Currently i tried using this 'REPLACE BY' regex:

<($1-$2) name="Content Server Categories:($2)">($3)</($1-$2)>

But that gives to following output:

<category-FOLDER:test category name="Content Server Categories:FOLDER:test category">
    <attribute name="test attribuut"><![CDATA[test]]></attribute>
    <attribute name="test attribuut1"><![CDATA[test1]]></attribute>
</category-FOLDER:test category>

As you can see i get category-FOLDER:test category instead of category-FOLDER:testcategory

The space(s) needs to be removed..

The problem is that the input can look different. Now it is this:

<category name="Content Server Categories:FOLDER:test category">

But it could look like these examples as well:

<category name="Content Server Categories:FOLDER1:FOLDER2:test category">

<category name="Content Server Categories:FOLDER NAME:test category">

<category name="Content Server Categories:FOLDER NAME: FOLDER NAME1:test category">

<category name="Content Server Categories:FOLDER:test category name">

...

How do I catch all of these correctly and remove the spaces?

EDIT: Almost forgot,

'. Matches newline' is __ON__

1 Answers

2
The fourth bird On Best Solutions

One approach could be to do it in 2 steps due to the replacement of the multiple spaces afterwards.

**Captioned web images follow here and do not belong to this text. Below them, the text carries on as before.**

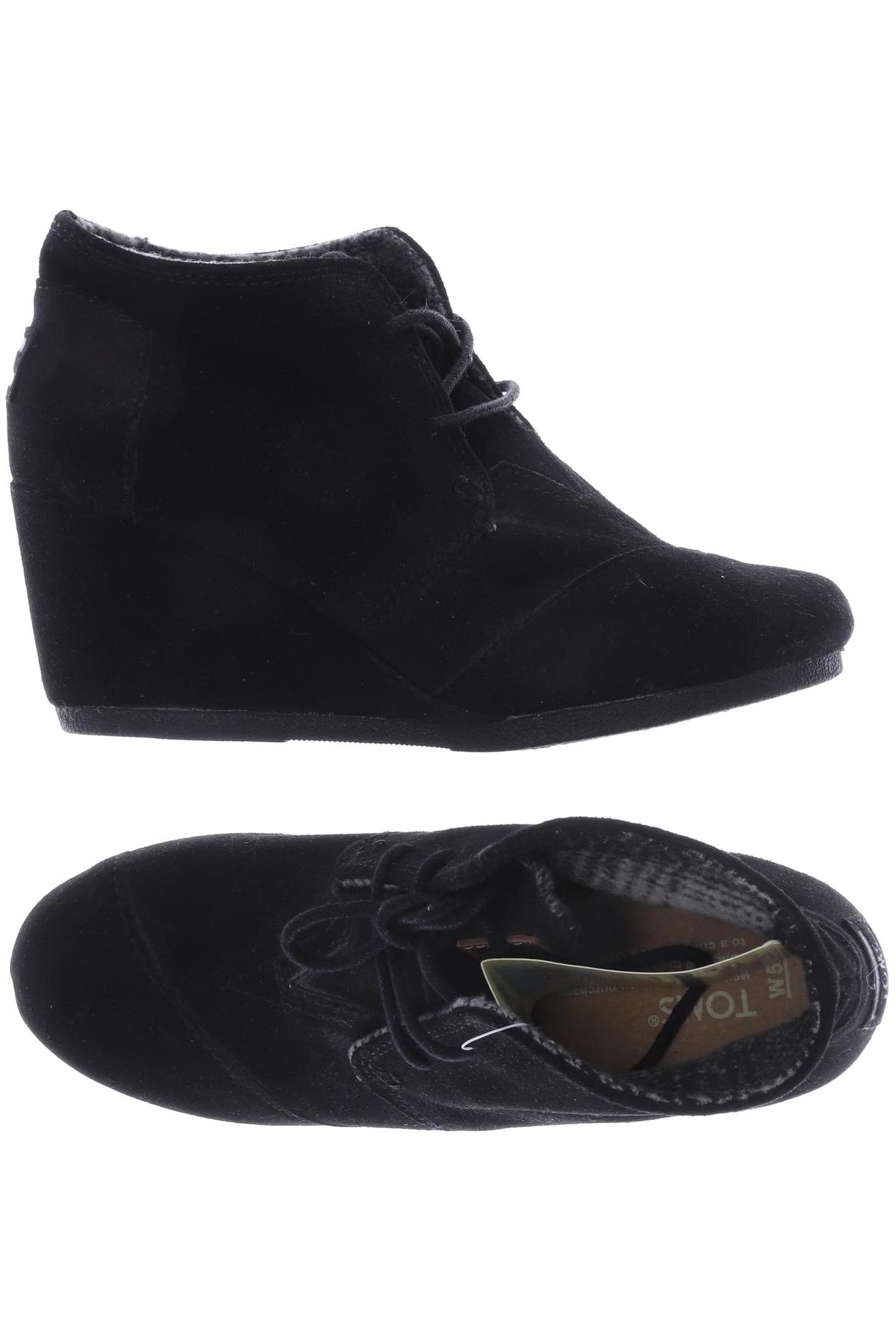 

TOMS Damen Pumps, schwarz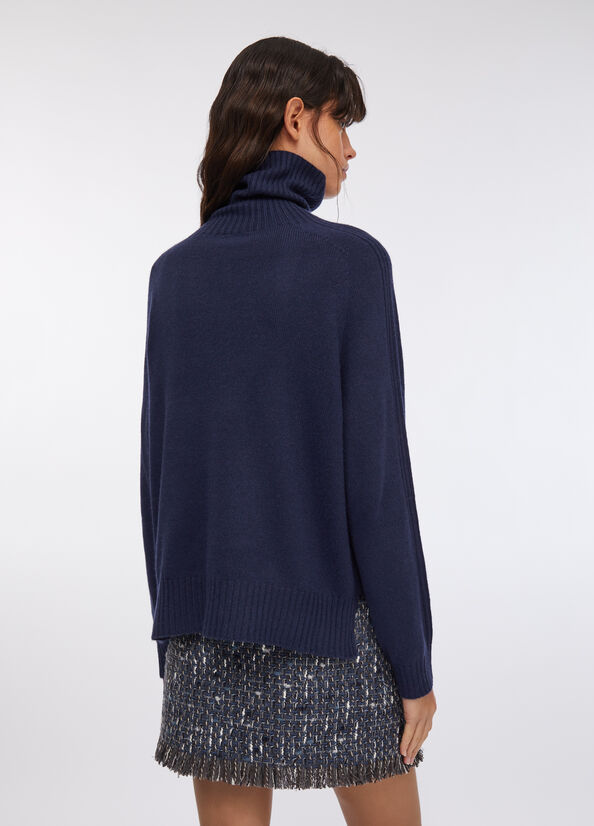 Dolcevita in lana e cashmere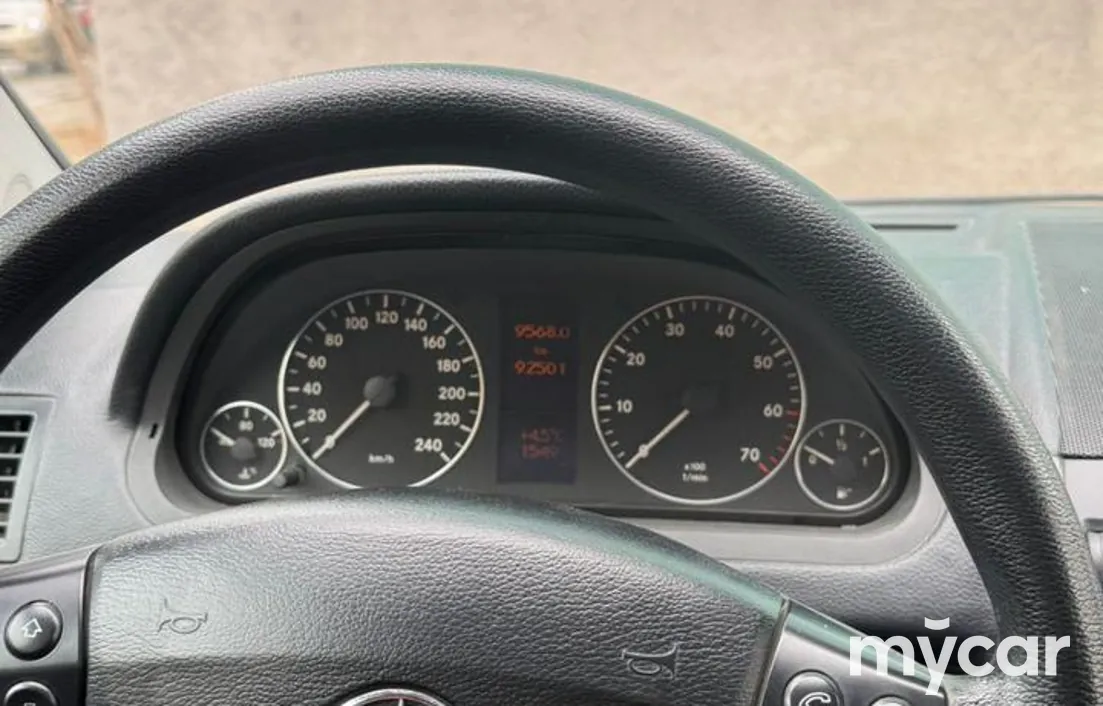 Mercedes-Benz A-Класс 2006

Get the required structure (Note to use the non greedy version .*? to prevent over matching):

<(category) name="Content Server Categories:(.+?)">(.+?)</(category)>

Regex demo

In the replacement use your replacement without the parenthesis or else they would be included in the replacement:

<$1-$2 name="Content Server Categories:$2">$3</$1-$2>

Then match the spaces making use of repetitive matches using \G:

(?:</?category-|\G(?!^))\K\s*([\w:]+) (?!name=)

In the replacement replace the whitespaces with capturing group 1 $1

Explanation

  • (?: Non capturing group
    • </?category-FOLDER Match text with an optional /
    • | Or
    • \G(?!^) Assert position at the end of the previous match
  • ) Close non capturing group
  • \K\s* Forget what was previously matched and then match 0+ whitespace chars
  • ([\w:]+) Capture in group 1 matching 1+ times a word char or :
  • (?!name=) Assert what is on the right is not a not 'name='

Regex demo